L’objectif grand angle permet de donner une sensation de claustration lorsque la bombe passe à côté de Yusra. La bombe et des morceaux de verre brisé ont été ajoutés aux plans en post-production. Mais le grand angle et le son coupé traduisent un instant de transcendance pour Yusra, regarder une bombe non explosée, c’est une certaine métaphore de la vie en Syrie à cette époque.
Scène de l'hôtel
Pour une scène nocturne dans une chambre d’hôtel, Chris a gardé un éclairage très simple. Un effet de réverbère a été créé grâce à une lampe basique sur un support placé à l’extérieur de la fenêtre de la chambre, ce qui a permis d’obtenir une lumière vive visible dans l’arrière-plan à travers la fenêtre.
Chris explique que cette lumière clé, qui est en fait la seule autre lumière de la scène, était une simple ampoule nue dans un dispositif pratique placé sur une petite table sous la fenêtre. En fonction de la prise de vue, cette ampoule était déplacée vers l’avant ou vers l’arrière. Pour les prises de vue larges, elle était placée à l’arrière près du mur et pour les prises de vue plus rapprochées, proche du bord et de la caméra.
Pour simplifier les choses, chaque prise a été filmée sur un axe similaire, de sorte que la lumière était toujours derrière les personnages pour donner de la forme et du contraste à leurs visages. La caméra ne filmait jamais du même côté que là où se trouvait la source de lumière, autrement leurs visages auraient paru beaucoup plus plats.
Scène à Lesbos
En plein milieu de la scène à Lesbos, Chris avait besoin de changer le ressenti à mesure que les sœurs cessaient d’être des Syriennes en difficulté et se comportaient comme de riches touristes européennes. C’est pourquoi, au milieu de cette scène, la caméra passe d’une réalisation à main levée à une réalisation Steadicam montée. La fluidité des prises de vue Steadicam permet de représenter un sentiment de richesse et de luxe par rapport aux séquences vidéo plus floues à main levée.
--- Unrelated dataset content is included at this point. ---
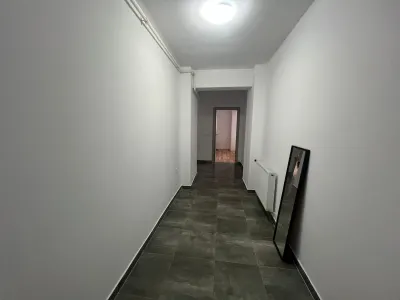 APARTAMENT DE VANZARE ISU BLOC NOU| 65MPU | DECOMANDAT | 105.000 EURO - foto 3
Lorsque Chris veut qu’une scène semble chaude, il prend des plans de sorte que le soleil se trouve derrière les personnages, agissant comme une lumière de cadre, de bord ou de contre-jour. En filmant de cette façon, on obtient un ciel blanc lumineux et un contraste maximal pour une vraie sensation de chaleur.
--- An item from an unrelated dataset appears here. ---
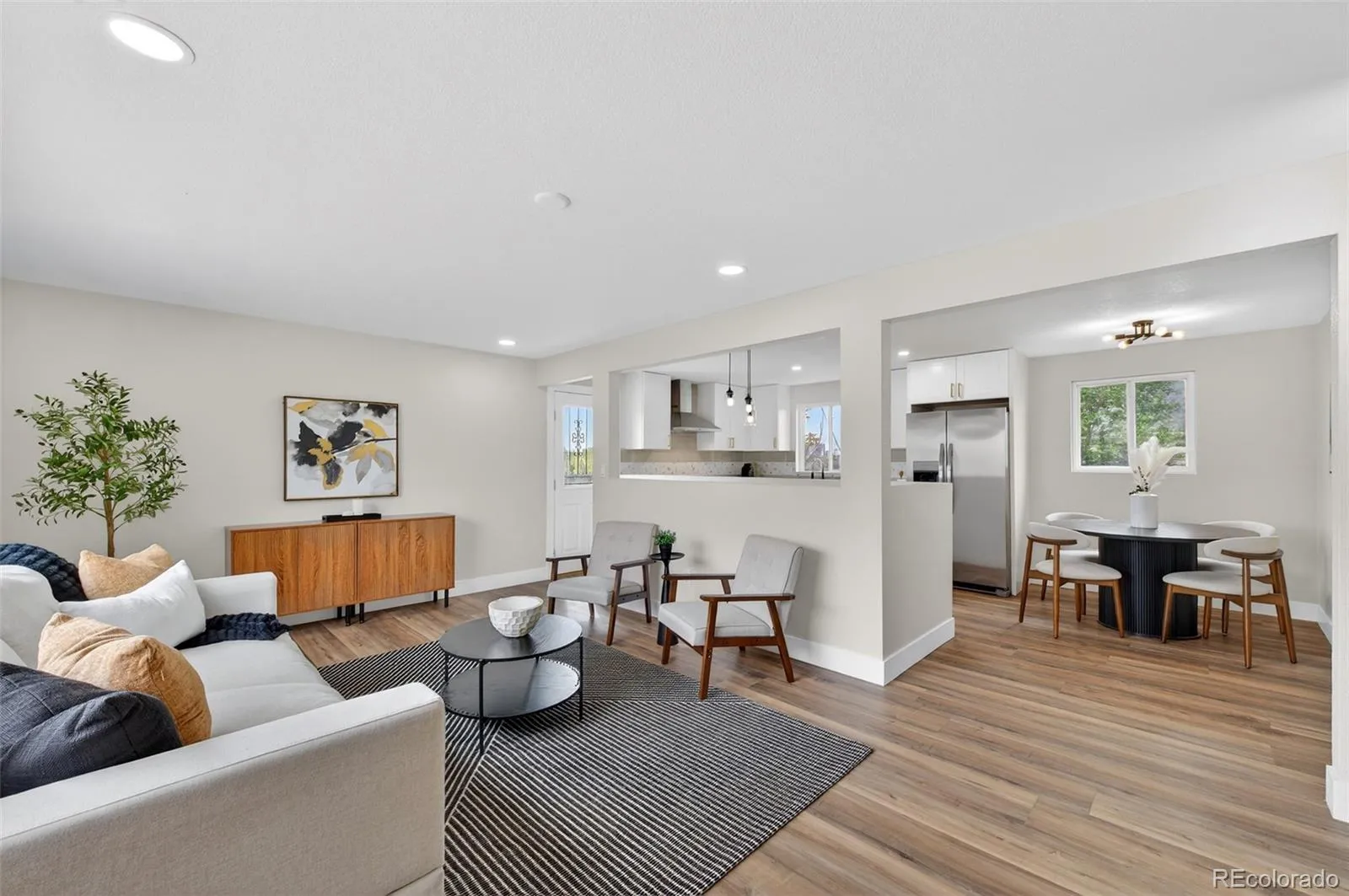 04162026144200 1600 3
Scène de piscine en extérieur
Plus tard dans le récit, les filles arrivent en Allemagne, où leurs vies sont mises en pause et où elles luttent pour progresser. Cette scène a été filmée dans une piscine extérieure du Royaume-Uni, et Chris voulait avoir un contraste saisissant entre leur voyage jusqu’à cette destination et la façon dont leurs vies connaissent un temps d’arrêt. Pour obtenir cette sensation différente, il a utilisé une lumière très plate, pour adoucir la lumière du jour autant que possible et obtenir un aspect gris et plat.
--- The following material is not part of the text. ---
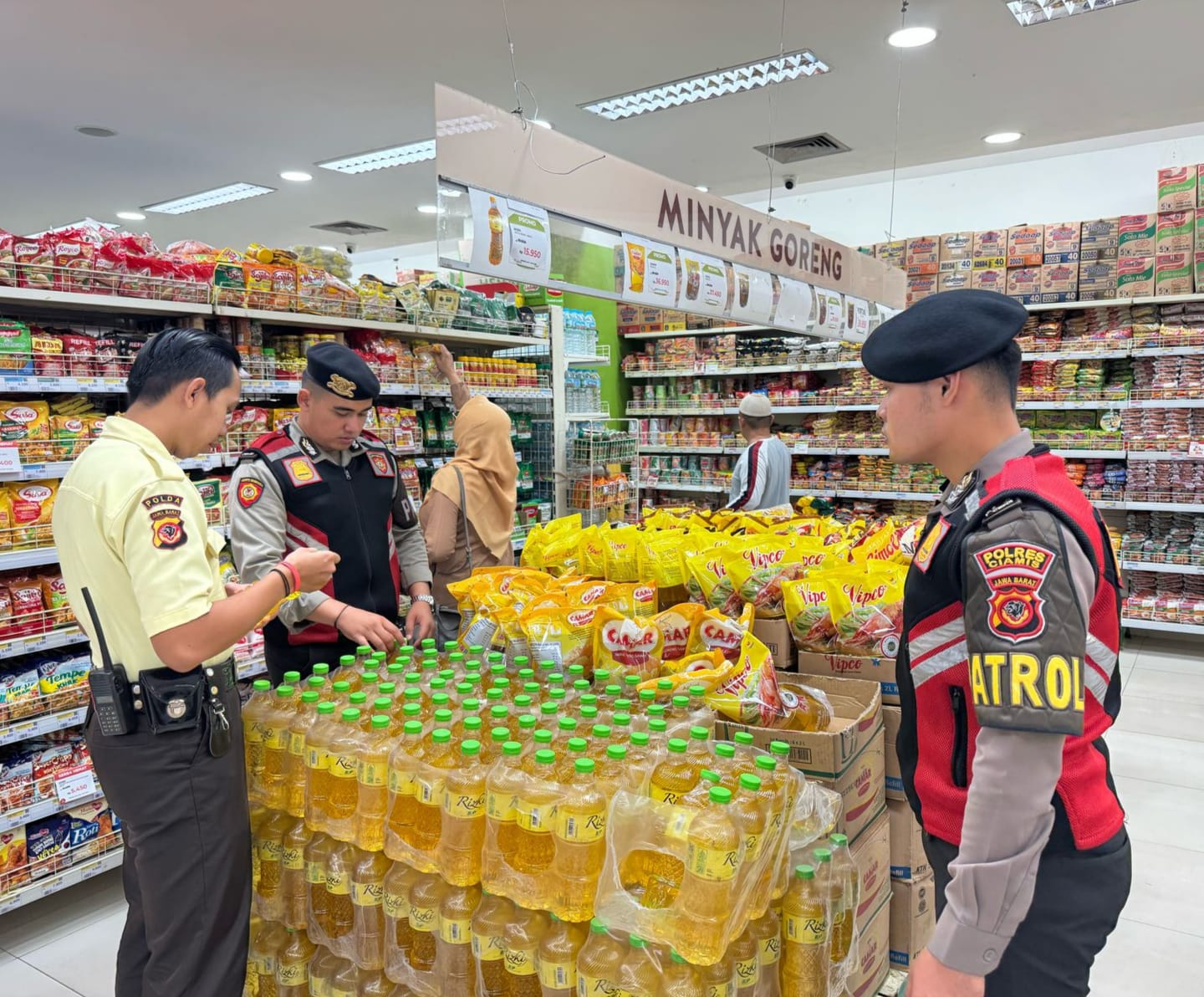 Pastikan Tak Ada Permainan Harga Bahan Pokok, Polisi Datangi Toserba Yogya Ciamis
Selon Chris, un grand défi avec The Swimmers était de donner au spectateur le sentiment d’être un observateur compatissant du parcours des filles, de lui donner l’impression d’être dans le même bateau ou de nager en même temps qu’elles. Il précise qu’en tant que directeur de la photographie, vous disposez d’une très large gamme d’outils d’éclairage qui peuvent changer le rendu esthétique d’un film. Mais plus vous ajoutez de lumières, plus vous utilisez de diffuseurs ou d’espaces négatifs, plus vous contraignez les mouvements de votre caméra ou le positionnement des acteurs.
Bien qu’il ait le sentiment qu’il est assez simple d’apprendre quelques règles de base sur la façon de placer le soleil ou d’ajuster le rebond et la douceur pour un rendu esthétique plaisant, il estime que cela verrouille la position de la caméra.
En ayant changé légèrement quelques aspects cosmétiques dans sa réalisation, Chris espère que vous vous sentirez comme si vous étiez présent dans la scène, sous le même soleil, de sorte que la résonance émotionnelle soit beaucoup plus forte.